Mahfudz menjelaskan, dalam perspektif Islam memang dianjurkan untuk memilih pemimpin yang seiman. Dengan begitu, tidak tepat jika dikatakan imbauan itu sebagai SARA. Bahkan, statemen itu dinilai bisa merusak kehidupan beragama.
“Dalam hal ini Islam yang mengajarkan umatnya untuk memilih pemimpin dengan kriteria seorang mukmin dan bukan sekedar Islam yang dianggap SARA, maka hal ini tentunya merupakan pelecehan dan penghinaan terhadap umat Islam pada khususnya dan umat beragama pada umumnya. Ini juga berpotensi memecah kerukunan umat yang saat ini sudah terjalin baik,” pintanya.

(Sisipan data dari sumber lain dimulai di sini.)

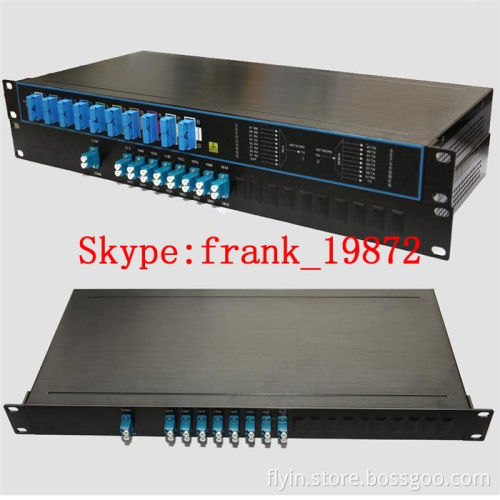 4,8,16,18-channel CWDM OADM Module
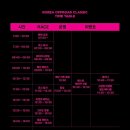 오프로드 | KOC 이거 하려고 그래블 샀다! 코리아 오프로드 클래식 후기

Jika di DKI imbauan memilih yang seiman dianggap SARA, Mahfudz mempertanyakan daerah lain juga. Menurutnya, beberapa daerah yang identik dengan agama tertentu juga pasti memilih pemimpin yang seiman.
“Kenapa kalau untuk Sulut, Papua, Aceh dan Bali itu bukan SARA, tapi untuk Jakarta itu dibilang sara? Apakah masyarakat Sulut, Papua, Aceh dan Bali yang mayoritas penduduknya memilih pemimpin yang seiman mereka SARA dan rasis? Apakah mereka tidak merasa terhina dengan pernyataan ini? Ini yang saya maksudkan pernyataannya itu bisa memecah belah kerukunan,” terangnya.
Menurutnya, hal yang wajar jika ada imbauan untuk memilih pemimpin seiman seperti di daerah-daerah lain. Sebab, dirasa akan bisa lebih mengayomi masyarakatnya.
“Makanya tidak salah orang Bali memilih gubernur beragama Hindu dan begitu juga daerah-daerah lainnya. Dia tentunya akan lebih bisa mengayomi masyarakatnya yang mayoritas dan tetap bisa melindungi masyarakatnya yang minoritas. Disinilah indahnya demokrasi,” jelasnya.
Mahfudz menilai, jangan sampai persoalan agama dikesampingkan dalam kehidupan berbangsa dan bernegara.
“Kita harus waspada pada upaya-upaya menggiring opini bahwa politik tidak boleh membawa-bawa pandangan agama, nantinya kita jadi negara sekuler. Ini berbahaya karena konstitusi kita menegaskan nilai-nilai ke-Tuhan-an adalah nilai dasar bangsa Indonesia,” pungkas Mahfudz.(fq/beritajatim.com)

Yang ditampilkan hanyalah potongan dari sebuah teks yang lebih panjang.